As you near retirement, advice is everywhere you look. From AARP to your next door neighbor in Calabasas, to your dentist — everyone has an opinion. So what should you do?
One good idea is to work with a trusted professional. And that means comprehensive estate planning that uses wills, trusts, powers of attorney, health care directives and other tools of the trade. Estate planning before retirement can help you plan for the kind of retirement you’d like to have as well as have your end of life wishes honored.
Trusted professionals recommend taking a look at your retirement nest egg and make realistic projections about how far the egg can be spread. For example, do you want to live longer to be able to leave your offspring with an inheritance?

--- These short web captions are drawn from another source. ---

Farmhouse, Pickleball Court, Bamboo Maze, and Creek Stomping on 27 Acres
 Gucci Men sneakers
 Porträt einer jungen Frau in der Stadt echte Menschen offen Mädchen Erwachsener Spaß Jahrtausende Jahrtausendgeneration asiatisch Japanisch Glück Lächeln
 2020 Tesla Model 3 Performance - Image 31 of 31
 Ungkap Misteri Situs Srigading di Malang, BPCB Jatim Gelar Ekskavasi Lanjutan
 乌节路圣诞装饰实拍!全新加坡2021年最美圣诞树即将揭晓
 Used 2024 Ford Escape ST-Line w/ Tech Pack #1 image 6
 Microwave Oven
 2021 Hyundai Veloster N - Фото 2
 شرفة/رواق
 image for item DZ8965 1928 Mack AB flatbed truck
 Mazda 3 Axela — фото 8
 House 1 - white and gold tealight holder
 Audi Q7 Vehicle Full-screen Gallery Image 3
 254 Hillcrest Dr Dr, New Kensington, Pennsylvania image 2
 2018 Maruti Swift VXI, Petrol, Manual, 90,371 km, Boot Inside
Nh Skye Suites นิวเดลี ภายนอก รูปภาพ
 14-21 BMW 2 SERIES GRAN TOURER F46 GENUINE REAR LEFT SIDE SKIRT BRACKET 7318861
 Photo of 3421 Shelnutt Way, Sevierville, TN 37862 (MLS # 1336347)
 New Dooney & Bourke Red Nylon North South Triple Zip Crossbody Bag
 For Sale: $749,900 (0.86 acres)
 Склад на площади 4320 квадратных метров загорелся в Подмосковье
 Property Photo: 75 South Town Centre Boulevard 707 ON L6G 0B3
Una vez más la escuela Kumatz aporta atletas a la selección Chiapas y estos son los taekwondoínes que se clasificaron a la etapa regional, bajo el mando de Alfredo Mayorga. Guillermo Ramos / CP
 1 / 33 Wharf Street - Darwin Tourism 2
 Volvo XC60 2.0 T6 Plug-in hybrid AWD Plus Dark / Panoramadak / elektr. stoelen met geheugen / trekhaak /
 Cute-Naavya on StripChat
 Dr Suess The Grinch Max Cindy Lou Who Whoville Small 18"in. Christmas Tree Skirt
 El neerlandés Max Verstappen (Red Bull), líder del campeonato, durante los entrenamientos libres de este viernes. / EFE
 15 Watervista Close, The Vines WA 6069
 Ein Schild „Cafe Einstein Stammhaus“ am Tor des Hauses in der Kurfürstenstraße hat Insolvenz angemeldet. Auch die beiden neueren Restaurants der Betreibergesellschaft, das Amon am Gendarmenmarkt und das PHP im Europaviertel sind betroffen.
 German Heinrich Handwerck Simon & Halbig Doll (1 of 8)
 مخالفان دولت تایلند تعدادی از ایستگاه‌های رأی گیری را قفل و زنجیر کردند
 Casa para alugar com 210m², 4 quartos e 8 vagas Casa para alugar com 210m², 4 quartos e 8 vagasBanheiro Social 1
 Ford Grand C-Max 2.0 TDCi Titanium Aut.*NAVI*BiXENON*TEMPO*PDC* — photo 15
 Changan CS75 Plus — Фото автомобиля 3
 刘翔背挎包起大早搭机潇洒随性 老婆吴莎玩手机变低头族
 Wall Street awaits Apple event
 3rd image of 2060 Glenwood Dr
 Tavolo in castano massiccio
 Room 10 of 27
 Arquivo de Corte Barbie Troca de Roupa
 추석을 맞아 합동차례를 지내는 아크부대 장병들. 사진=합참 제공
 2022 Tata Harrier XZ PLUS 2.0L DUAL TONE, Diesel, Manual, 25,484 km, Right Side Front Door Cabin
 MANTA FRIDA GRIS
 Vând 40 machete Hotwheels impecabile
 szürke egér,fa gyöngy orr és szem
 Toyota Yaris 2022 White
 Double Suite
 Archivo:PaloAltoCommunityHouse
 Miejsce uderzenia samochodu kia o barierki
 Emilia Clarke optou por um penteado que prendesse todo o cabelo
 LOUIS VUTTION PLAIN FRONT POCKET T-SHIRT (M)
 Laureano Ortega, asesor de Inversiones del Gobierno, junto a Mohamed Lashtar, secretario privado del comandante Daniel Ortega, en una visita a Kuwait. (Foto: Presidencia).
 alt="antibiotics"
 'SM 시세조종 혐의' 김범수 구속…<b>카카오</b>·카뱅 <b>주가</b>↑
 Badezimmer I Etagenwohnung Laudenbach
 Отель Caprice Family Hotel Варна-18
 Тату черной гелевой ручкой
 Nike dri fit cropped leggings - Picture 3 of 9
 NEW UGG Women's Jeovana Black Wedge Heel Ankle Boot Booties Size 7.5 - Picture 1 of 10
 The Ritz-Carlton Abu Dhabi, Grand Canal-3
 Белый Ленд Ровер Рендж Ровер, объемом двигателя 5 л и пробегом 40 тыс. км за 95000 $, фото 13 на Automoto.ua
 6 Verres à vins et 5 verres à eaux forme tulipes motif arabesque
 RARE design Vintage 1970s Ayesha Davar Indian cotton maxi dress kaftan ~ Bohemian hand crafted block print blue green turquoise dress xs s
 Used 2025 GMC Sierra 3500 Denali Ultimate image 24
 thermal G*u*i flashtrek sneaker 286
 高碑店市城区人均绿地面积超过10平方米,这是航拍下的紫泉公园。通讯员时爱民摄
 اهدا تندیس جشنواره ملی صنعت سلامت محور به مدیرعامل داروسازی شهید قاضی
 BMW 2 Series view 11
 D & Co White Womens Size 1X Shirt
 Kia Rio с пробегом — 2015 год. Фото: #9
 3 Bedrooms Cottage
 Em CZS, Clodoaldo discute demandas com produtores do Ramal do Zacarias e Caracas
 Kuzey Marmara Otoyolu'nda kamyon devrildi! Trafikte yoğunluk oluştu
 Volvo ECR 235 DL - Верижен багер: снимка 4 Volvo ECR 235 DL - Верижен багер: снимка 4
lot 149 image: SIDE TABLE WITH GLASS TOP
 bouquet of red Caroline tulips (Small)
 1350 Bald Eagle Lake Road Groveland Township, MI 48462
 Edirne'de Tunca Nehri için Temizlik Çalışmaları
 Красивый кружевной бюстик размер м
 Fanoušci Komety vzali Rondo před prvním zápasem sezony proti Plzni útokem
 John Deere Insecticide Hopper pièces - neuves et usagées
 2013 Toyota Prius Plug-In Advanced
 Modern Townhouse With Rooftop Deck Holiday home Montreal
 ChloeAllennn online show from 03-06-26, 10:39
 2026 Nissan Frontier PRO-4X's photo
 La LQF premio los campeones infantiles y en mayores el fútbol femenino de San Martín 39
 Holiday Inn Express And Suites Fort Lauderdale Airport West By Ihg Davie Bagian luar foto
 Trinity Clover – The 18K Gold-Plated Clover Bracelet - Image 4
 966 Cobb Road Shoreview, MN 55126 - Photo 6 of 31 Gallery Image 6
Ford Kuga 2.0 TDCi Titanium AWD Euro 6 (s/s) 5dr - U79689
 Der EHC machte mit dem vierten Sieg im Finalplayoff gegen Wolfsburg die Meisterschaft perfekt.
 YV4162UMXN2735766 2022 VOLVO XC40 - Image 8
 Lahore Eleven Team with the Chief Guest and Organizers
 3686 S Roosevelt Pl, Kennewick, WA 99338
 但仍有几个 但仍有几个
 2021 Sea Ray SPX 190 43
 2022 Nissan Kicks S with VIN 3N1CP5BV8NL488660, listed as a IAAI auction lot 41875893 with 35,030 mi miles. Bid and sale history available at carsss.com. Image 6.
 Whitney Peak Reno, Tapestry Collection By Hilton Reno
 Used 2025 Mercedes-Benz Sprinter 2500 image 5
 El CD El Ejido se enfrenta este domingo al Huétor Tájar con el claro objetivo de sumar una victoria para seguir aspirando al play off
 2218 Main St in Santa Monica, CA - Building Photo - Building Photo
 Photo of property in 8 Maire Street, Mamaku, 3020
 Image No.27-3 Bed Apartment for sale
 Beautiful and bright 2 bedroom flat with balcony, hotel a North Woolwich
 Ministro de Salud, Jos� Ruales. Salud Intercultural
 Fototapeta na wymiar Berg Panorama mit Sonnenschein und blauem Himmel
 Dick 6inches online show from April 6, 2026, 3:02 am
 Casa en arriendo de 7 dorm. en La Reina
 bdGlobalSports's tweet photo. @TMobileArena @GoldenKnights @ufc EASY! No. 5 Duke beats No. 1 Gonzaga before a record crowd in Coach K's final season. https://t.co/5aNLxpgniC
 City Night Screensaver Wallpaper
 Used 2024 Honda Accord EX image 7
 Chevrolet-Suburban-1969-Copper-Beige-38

Or do you want to retire on schedule and set realistic expectations for your potential heirs?
According to recent studies, 19 percent of the baby boom generation feels obligated to leave their children some inheritance. That number is up from three percent of boomers who felt that way in 2005.
The same study shows that among those who are already retired, the 72 and older crowd, 14 percent feel obligated to leave an inheritance. That number is actually down from 22 percent in 2005.
Why the change? Some feel that it is the current economy and the baby boomer acknowledgement that their offspring may have a tough road ahead.
Estate planning decisions are highly individual and some are irrevocable. Whatever your path, it is a wise idea to do your estate planning before you retire. After you retire, your options may be fewer.